The experimentally demonstrated latch consists of a single wire acting as a signal line, crossed by two control lines with an electrically switchable molecular-scale junction where they intersect. By applying a sequence of voltage impulses to the control lines and using switches oriented in opposite polarities, the latch can perform the NOT operation, which, along with AND and OR, is one of three basic operations that make up the primary logic of a circuit and are essential for general computing. In addition, it can restore a logic level in a circuit to its ideal voltage value, which allows a designer to chain many simple gates together to perform computations.

Standard semiconductor circuits require three-terminal transistors to perform the NOT operation and restore signals. However, it is generally believed that transistors will not be able to shrink down to the size of a few nanometers and remain operable.

"Transistors will continue to be used for years to come with conventional silicon circuits," said Phil Kuekes, senior computer architect, QSR, another one of the paper's authors, "but this could someday replace transistors in computers, just as transistors replaced vacuum tubes and vacuum tubes replaced electromagnetic relays before them."

Kuekes was previously awarded a patent on the crossbar latch (U.S. 6,586,965) in July 2003, and the Journal of Applied Physics report, titled "The crossbar latch: Logic value storage, restoration and inversion in crossbar circuits," demonstrates the application of the technology. Duncan R. Stewart, a QSR scientist and the third author, performed most of the testing that demonstrated that the device actually works. The paper underwent rigorous peer review before being published.
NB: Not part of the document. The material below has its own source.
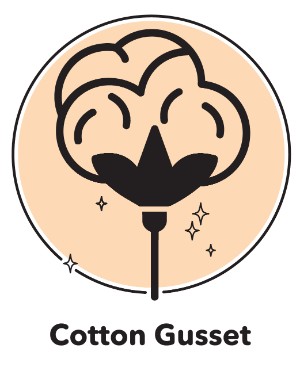 Cotton Gusset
"We have previously demonstrated that we could make a working memory with molecular-scale junctions and logic devices that could perform simple logic operations such as AND and OR," Stewart said. "With the crossbar latch, we now have the final component theoretically needed for performing the multiple processing steps required for useful computing at the nanoscale."

The research on the crossbar latch was partially supported by the Defense Advanced Research Projects Agency (DARPA).